I have the honor to be, &c.
DUMAS.
SILAS DEANE TO C. W. F. DUMAS.
Paris, June 7th, 1777.
Sir,
I understand that the British Minister's emissaries are very busy in Holland propagating reports of an accommodation between the Congress and Great Britain. They are playing the same game here. I have long since been convinced that there is no action too atrocious for them to attempt, nor any report too ridiculous and improbable for them to propagate to serve their purposes. The last authentic intelligence from Congress, or from New York, was about the 10th of April, when there was not the least prospect of any accommodation. The sole overture that had been made was a hint, I may say, from General Lee, that Lord and General Howe wished to renew a conference with the Congress, and to open a treaty, to which the Congress replied they would neither confer nor treat till their independence should be acknowledged. You will therefore see at once how very little ground there is for such kind of assertions.
I have seen such strange and unexpected events, as well as been witness to such extraordinary conduct, that I am almost beyond being surprised at anything; yet should an accommodation take place between those contending nations, whilst the Congress have the least prospect of foreign succor and support, I confess I shall be greatly surprised. But if the British Ministry, as they roundly assert, are assured that no power in Europe will countenance the United States in their independence, and if they can bring the Congress to believe the same, who will be surprised if they make terms, and accommodate, rather than hazard longer a contest with the most formidable power in Europe, and its allies, without prospect on their part of aid or support? I say, who will be surprised, or rather who will not be surprised, should they still persist in continuing the war unsupported?
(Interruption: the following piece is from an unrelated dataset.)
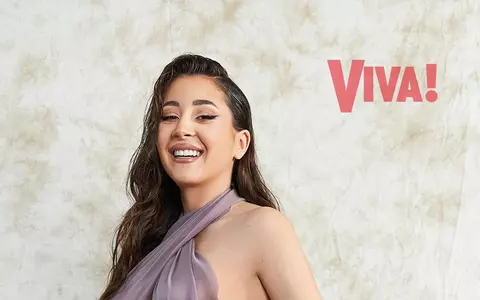 Nicole Cherry, despre faptul că a picat la preselecții, la Românii au Talent: „Această întâmplare m-a...”/ EXCLUVIV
However, I, who know my countrymen perfectly, and the principles by which they are actuated, do not believe they will ever accommodate on terms lower than independence; yet in the same situation, and with the same offers made them, I am certain any other people in the world would accommodate.
You are not to impute what I say to vanity. I am not raising my countrymen above every other nation in the world; far from it; but they are a new people, and have certain notions, that are either new in the world, or have been so long unpractised upon, and unheard of, except in the speculations of philosophers, that it is difficult, perhaps impossible, to compare them with any other nation. Unprejudiced reason, and plain common sense, will enable the few to judge; but the many, the ninetynine of one hundred at least, will determine as usual by the event. I am not fond of bold assertions or predictions, but I dare hazard my credit upon it, that either no accommodation on any terms will take place, or, if it does, a war in Europe will be the immediate consequence; and I submit it to the consideration of those Ministers and politicians, who are afraid to offend Great Britain now, whilst America alone employs more than her whole natural force, how they will be able to contend with her when at peace and on good terms, perhaps in alliance with America.
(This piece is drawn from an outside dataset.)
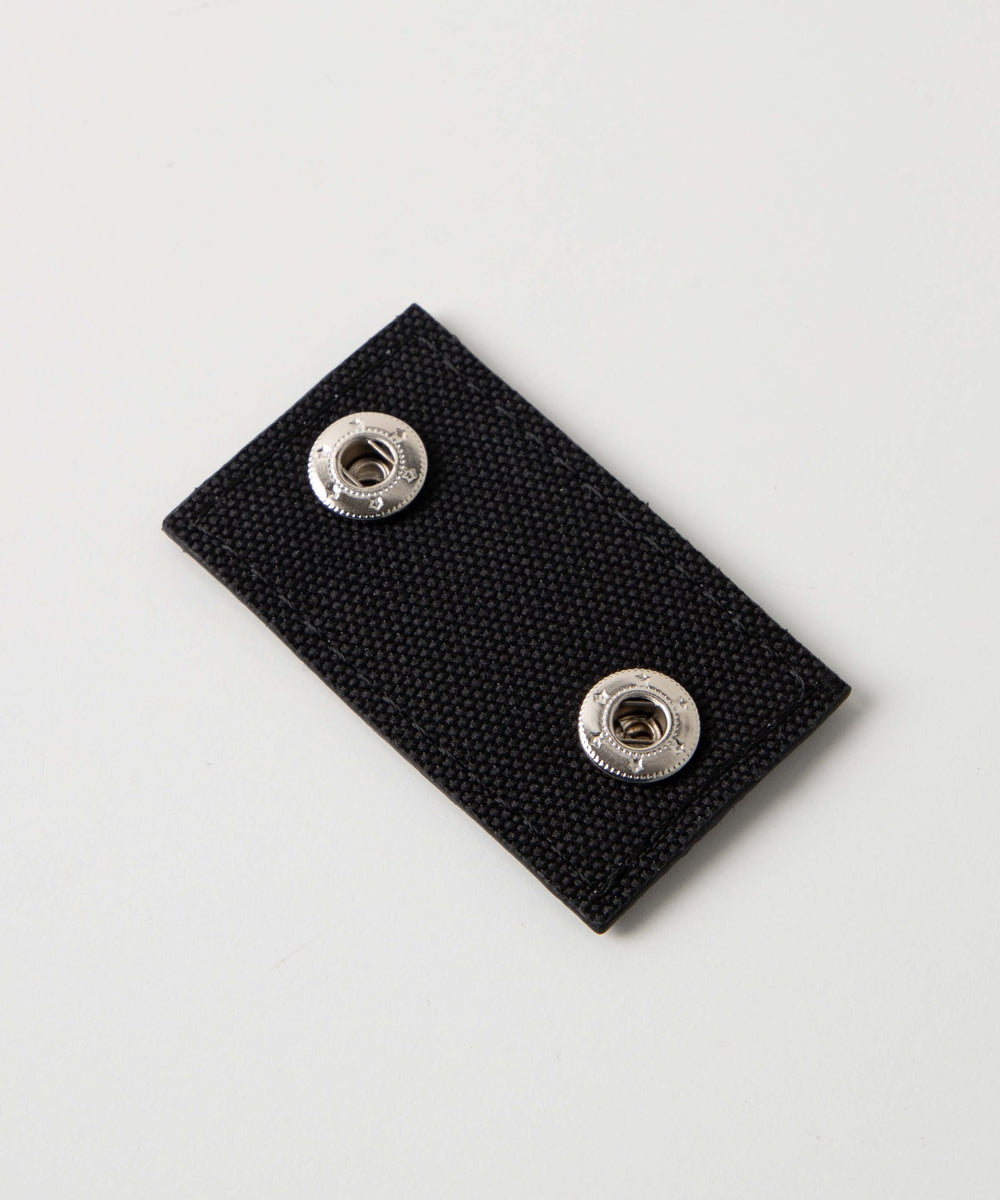 痛缶バッジウォールポケット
Universal monarchy has at many periods been feared from the House of Bourbon, and England has been exhausted to prevent it; she has engaged allies pretendedly to keep the balance of power in Europe, as it is ridiculously and unintelligibly termed by European politicians; but you will permit an American to give his sentiments; they may at least divert and make you smile. From the period when the feudal system prevailed over all Europe, when every lord was sovereign, to this hour, the number of kingdoms or distinct powers in Europe has been decreasing, and if we look three centuries back, and reckon up the distinct powers then existing and compare them with those of the present, and extend our view forward, the whole must at some not very distant period be brought into one; for not an age passes, and scarce a single war without annihilating or swallowing up several of them. But from what quarter is this universal empire in Europe to originate? I answer negatively; not from the House of Bourbon, though formidable for its connexions and alliances in the South; but I will venture to predict, that if Great Britain, by forming an accommodation of friendship and alliance with the United States, renders herself, as by that measure she easily can, mistress of that world, by taking the affairs of the East Indies into her own hands, she will be in possession of exhaustless treasure, and in 1780 the charter of the East India Company expires, when both the territory and commerce will be at her disposal. Add to all this her strict and close alliance with Russia. I say, that laying these circumstances together, it is easy to foresee, that Great Britain, America, and Russia united, will command not barely Europe, but the whole world united.
Russia like America is a new State, and rises with the most astonishing rapidity. Its demand for British manufactures, and its supplies of raw materials, increase nearly as fast as the American; and when both come to centre in Great Britain, the riches as well as power of that kingdom will be unparalleled in the annals of Europe, or perhaps of the world; like a Colossus with one foot on Russia and the East, and the other on America, it will bestride, as Shakspeare says, your poor European world, and the powers which now strut and look big, will creep about between its legs to find dishonorable graves.